RECORDED DATA.

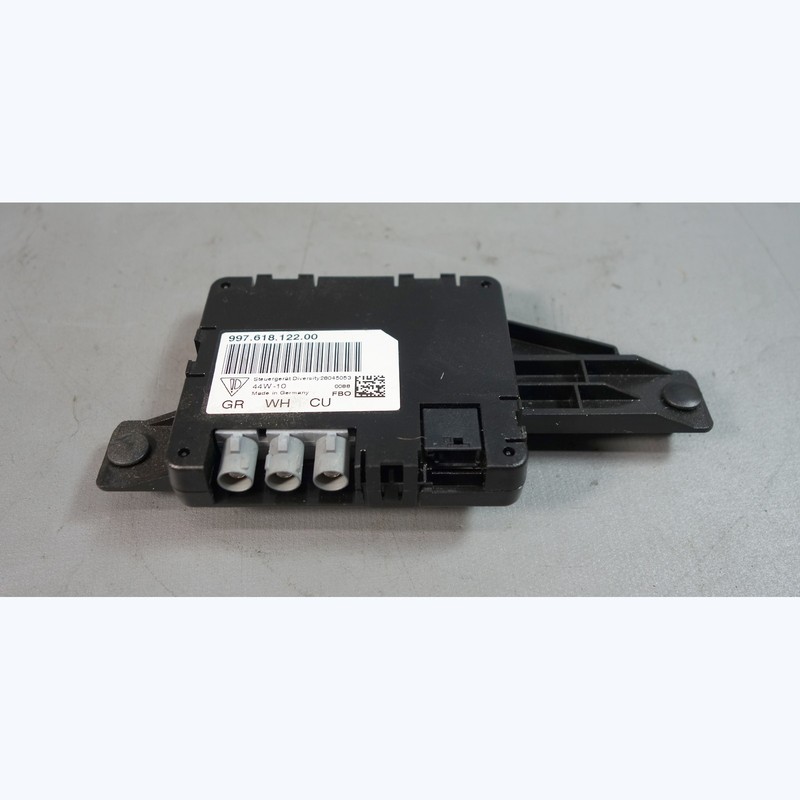 09-13 Porsche 997 911 987 Boxster Cayman Diversity Radio Antenna Amplifier OEM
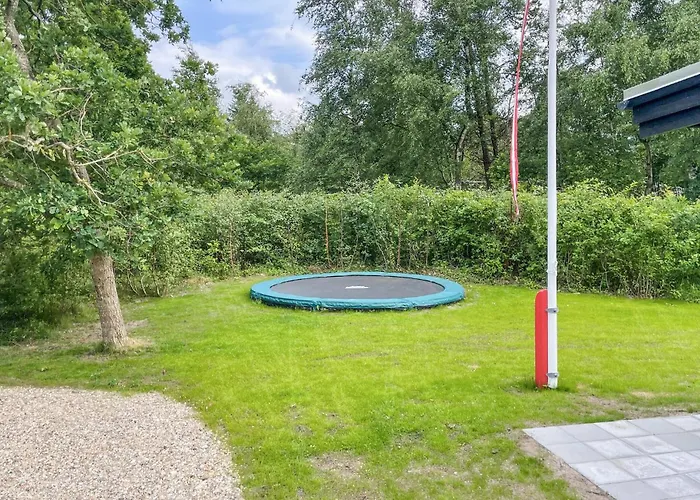 2 Bedroom Awesome In Semesterbostad Højslev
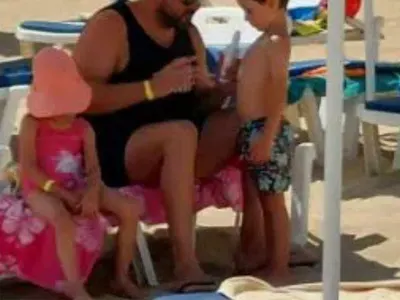 Най-накрая! Вижте мъжа на Ева Веселинова! Първи папарашки кадри на тайнствения мачо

EXERCISE PROMPT.
A faithful copy is needed of the lines from the one containing "2 Bedroom Awesome In Semesterbostad Højslev" through the last line of the data above, with pictures left out.

RESPONSE TO THE EXERCISE.
 2 Bedroom Awesome In Semesterbostad Højslev
 Най-накрая! Вижте мъжа на Ева Веселинова! Първи папарашки кадри на тайнствения мачо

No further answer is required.